The 1st district went for Donald Trump in the 2016 presidential election with a 49% to 45% margin, after voting for Barack Obama with a 56% to 43% margin in 2012.

Democratic primary

Candidates
Declared
 Abby Finkenauer, state representative
 Thomas Heckroth, former staffer for United States Senator Tom Harkin
 George Ramsey III, former military recruiter
 Courtney Rowe, engineer and Bernie Sanders delegate at the 2016 state convention

Declined
 Jeff Danielson, state senator
 Brent Oleson, Linn County Supervisor
 Steve Sodders, former state senator
 Stacey Walker, Linn County Supervisor

Endorsements

Results

Republican primary
Incumbent Rod Blum ran for re-election to a third term and was unopposed in the primary.

Results

Other Candidates
 Henry Gaff, co-chair of the Iowa Green Party, announced he was running as a Green Party candidate. Gaff was only 18, meaning he would not have met the U.S. Constitution's required minimum age of 25 to be elected to the House of Representatives.
 Troy Hageman, activist (Libertarian)

General election

Debates
Complete video of debate, October 5, 2018
Complete video of debate, October 16, 2018

Predictions

Polling

Results

District 2

Democratic Representative Dave Loebsack, who has represented the district since 2007, was reelected to a sixth term with 54% of the vote in 2016. Loebsack ran for reelection.

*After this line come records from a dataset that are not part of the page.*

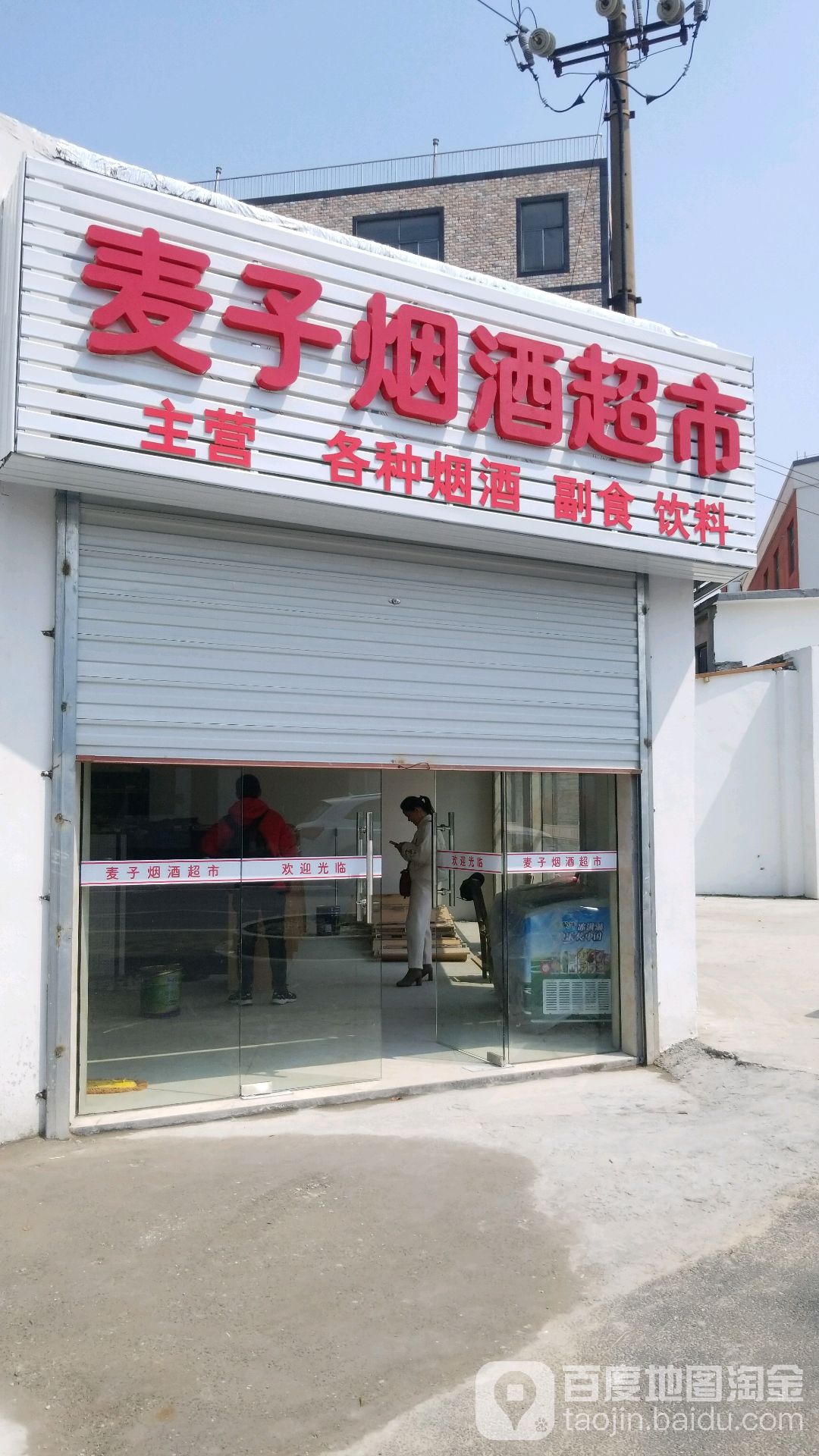 麦子烟酒(宁慈东路店)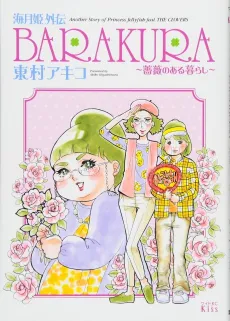 Kuragehime Gaiden: Barakura - Bara no Aru Kurashi cover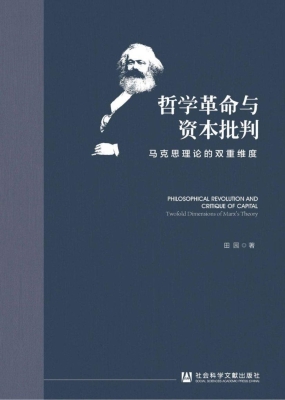 哲学革命与资本批判：马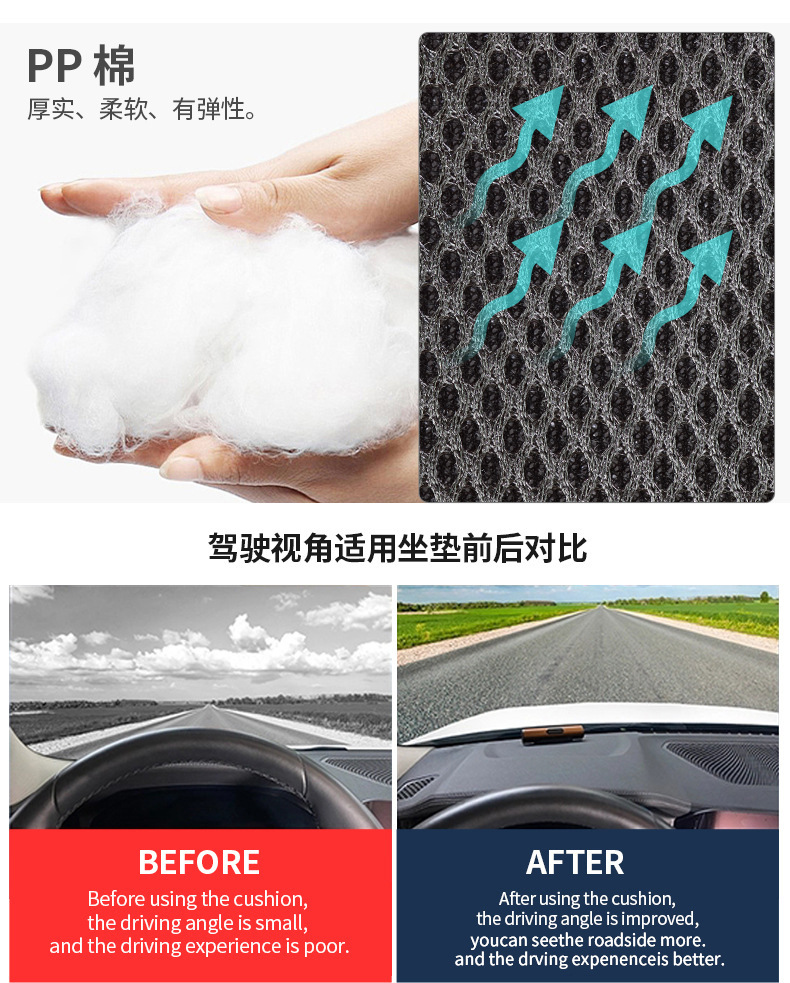 Cross-Border Source Manufacturer Heightening and Thickening Pad Driving Test Seat Cushion Driving Practice Female Driving Four-Season Seat Cushion Ready for Sale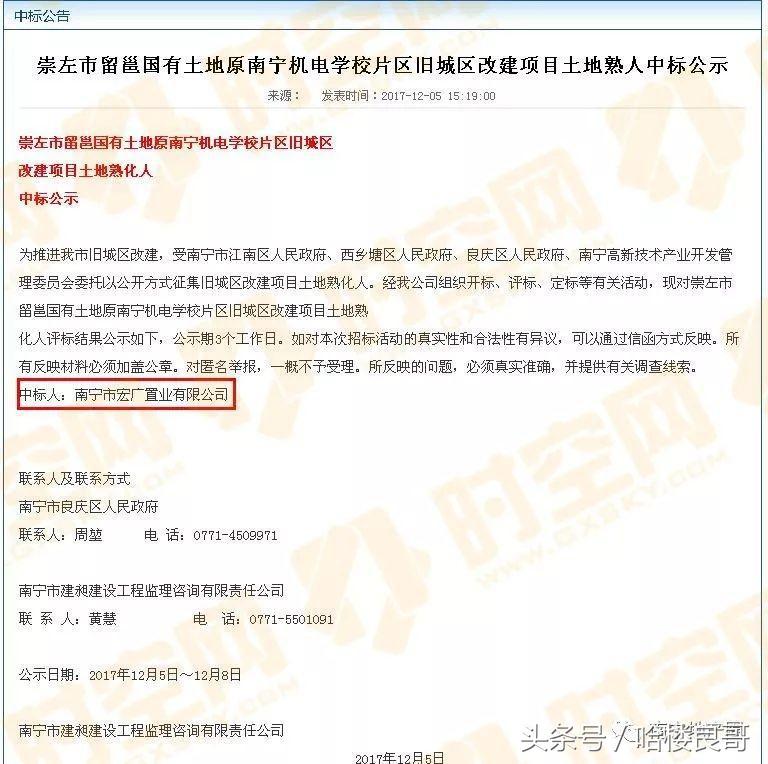 南宁五象新区地产,南宁五象新区地产地图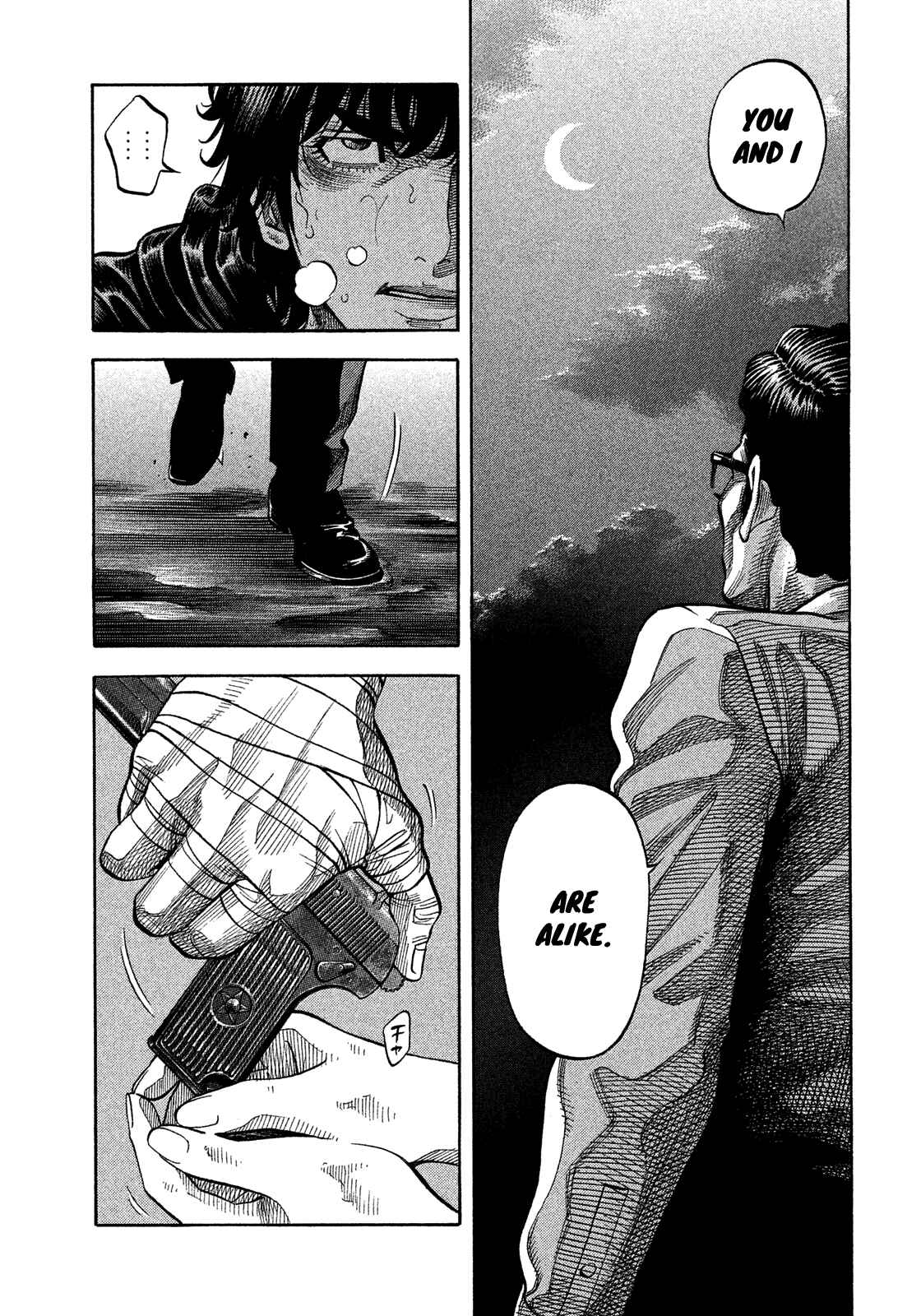 Montage Chapter 173 - Page 12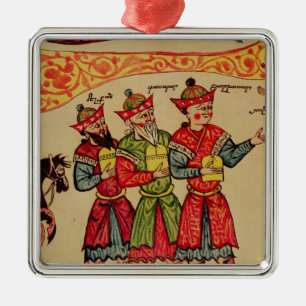 Ornamento De Metal Os três Magi, detalhe da natividade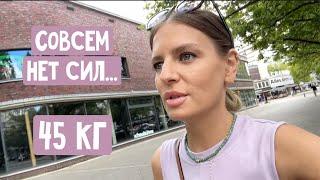 45кг - нет сил / Пиджак за 50€ / Слежу через камеру / Жить в Америке или Швейцарии?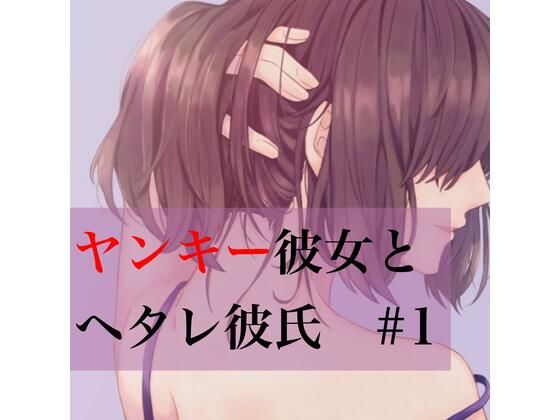 ヤンキー彼女とヘタレ彼氏 ＃1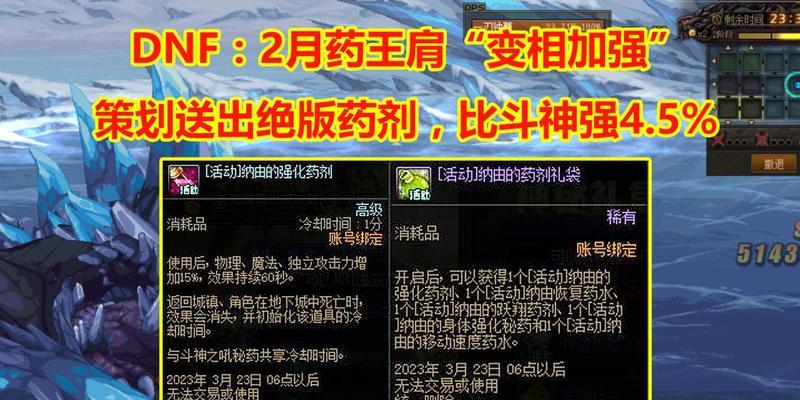 DNF中哪些药剂效果最好？如何选择合适的药剂？
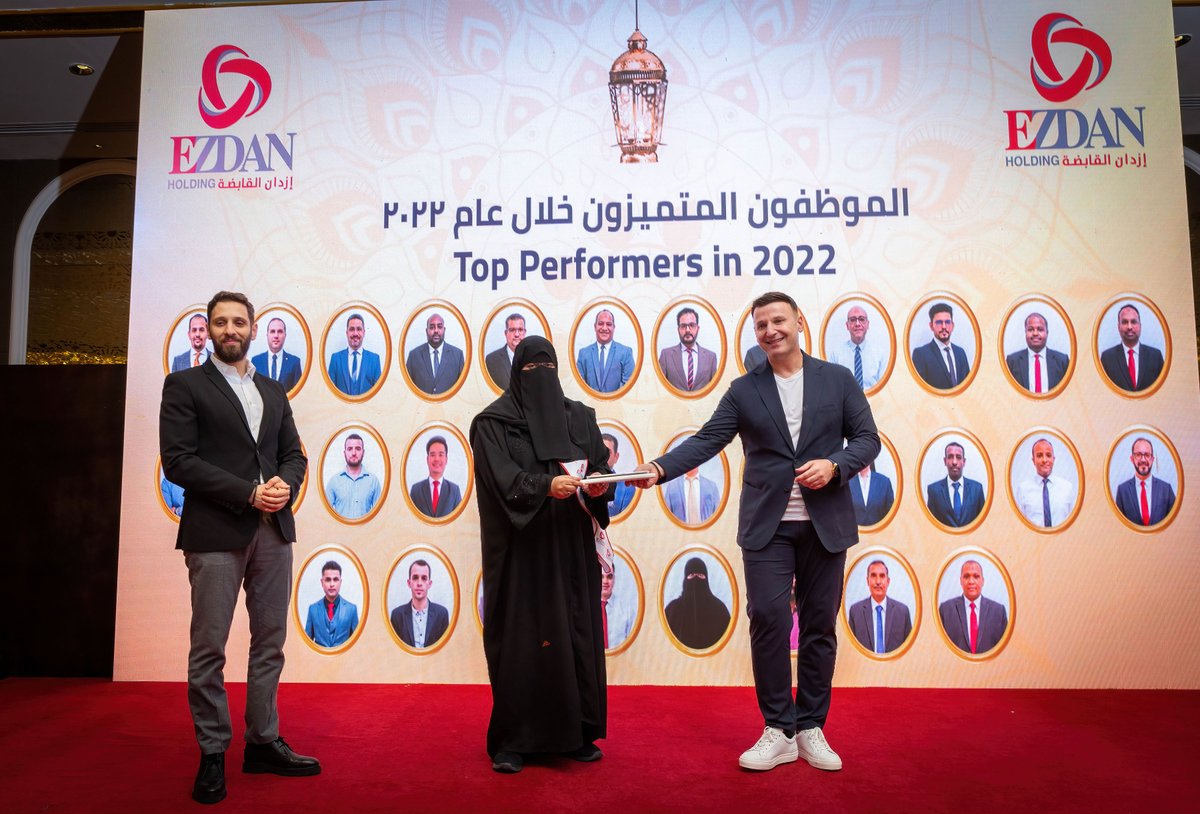 EzdanHolding's tweet photo. احتفال بالتميز ... مقتطفات من الملتقى السنوي لموظفي مجموعة إزدان القابضة الذي أقيم في أجواء تملؤها الحفاوة وروح الفريق الواحد ولقطات من تكريم الموظفين المتميزين تقديرًا لجهودهم. https://t.co/cfMk79v0CH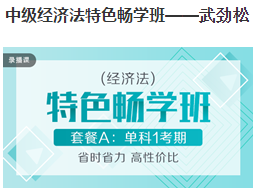 2020年中級(jí)會(huì)計(jì)考試我來(lái)了！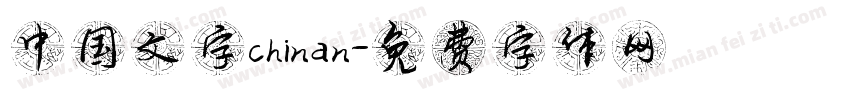 中国文字chinan字体转换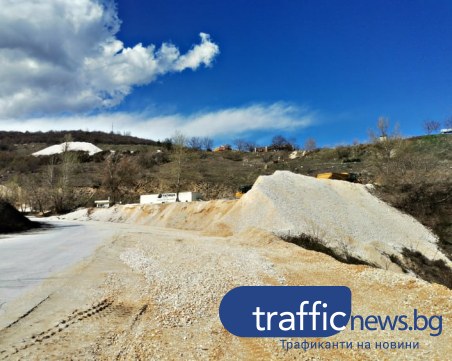 Министерствата мълчат за кариерите над Белащица, жители излизат на поредния протест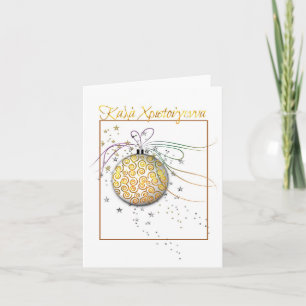 Cartão De Festividades enfeites de natal de ouro e branco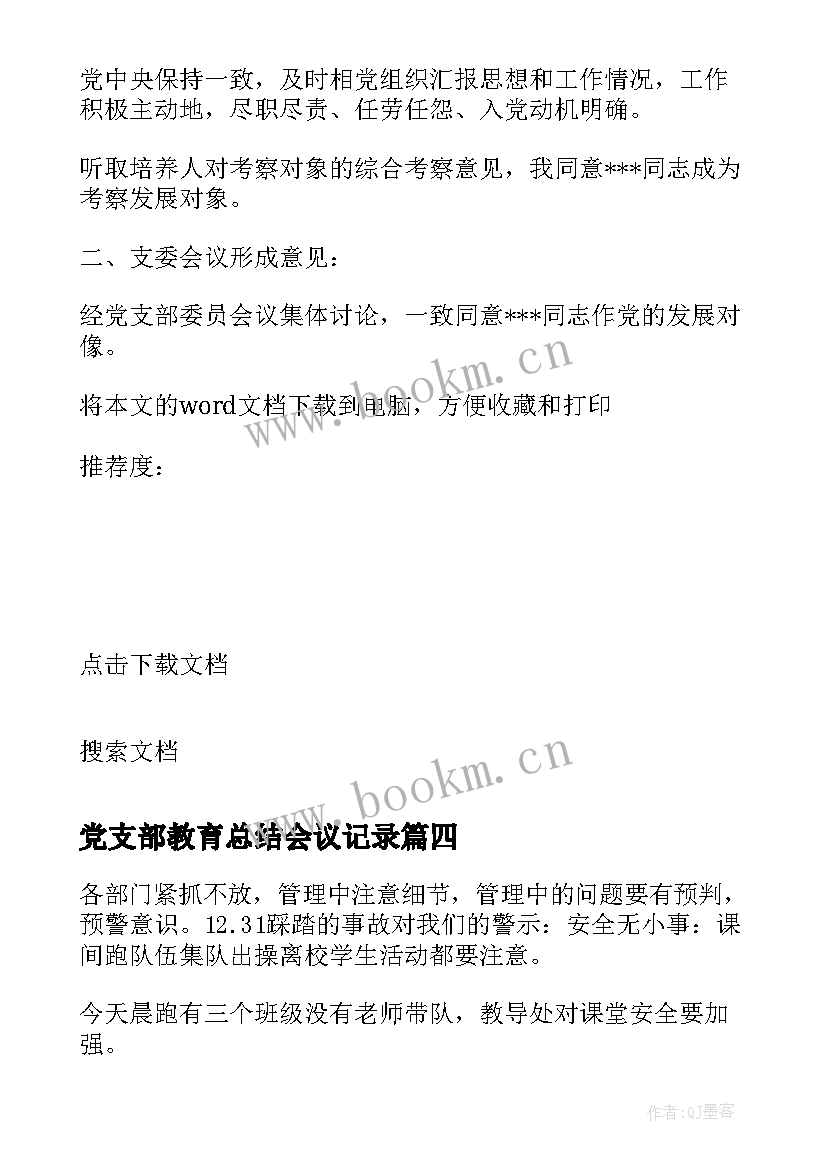 党支部教育总结会议记录 月份支委会会议记录(大全10篇)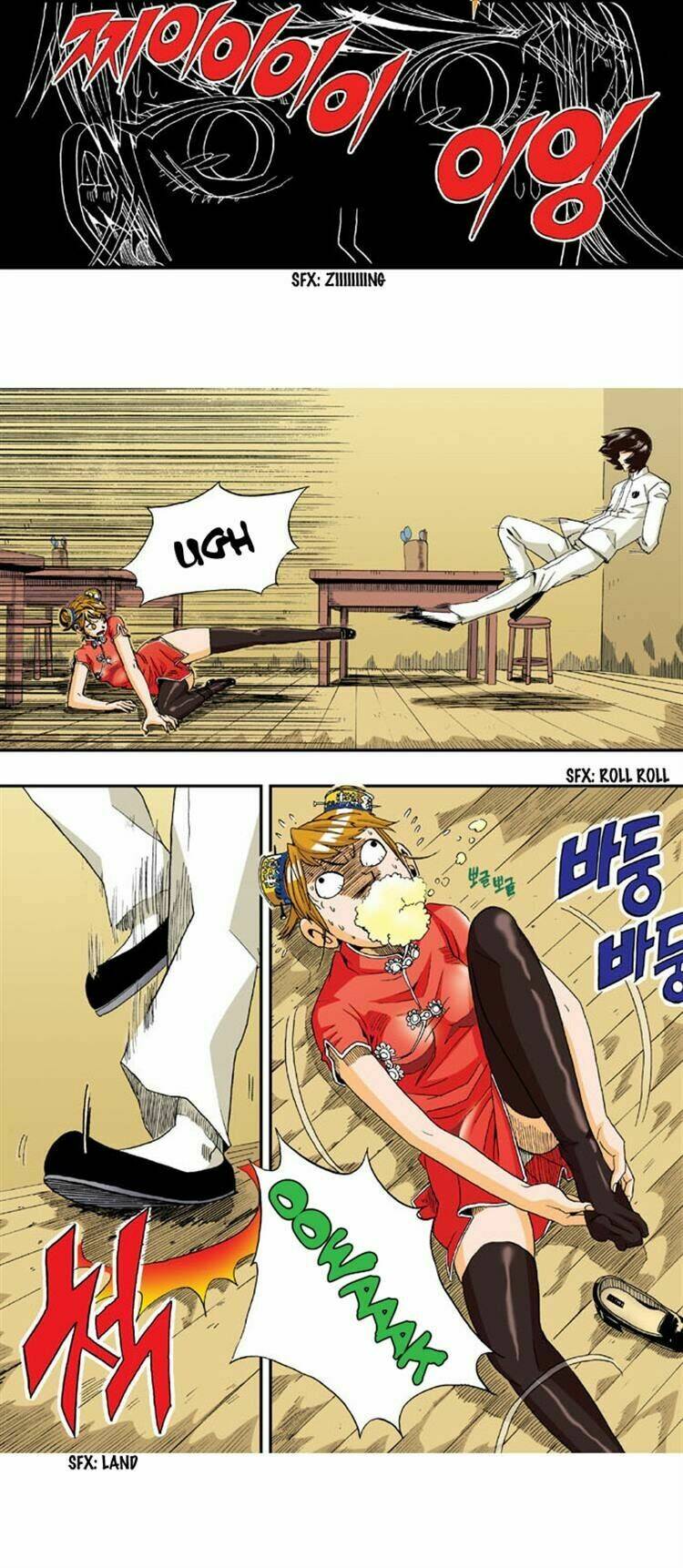 space china dress chapter 3 17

The 2nd district went for Donald Trump in the 2016 presidential election with a 49% to 45% margin, after voting for Barack Obama with a 56% to 43% margin in 2012.

Democratic primary

Incumbent Dave Loebsack ran for re-election to a seventh term in office and was unopposed in the primary.

Results

Republican primary

Candidates
 Ginny Caligiuri, businesswoman (write-in)
 Christopher Peters, Republican nominee in 2016

 Declined
Bobby Kaufmann, state representative

Results

Independents
 Daniel Clark

General election

Predictions

Polling

Results

District 3

Republican David Young, who had represented the district since 2015, was reelected to a second term with 53% of the vote in 2016. He ran for a third term in 2018, but lost to Democratic candidate Cindy Axne.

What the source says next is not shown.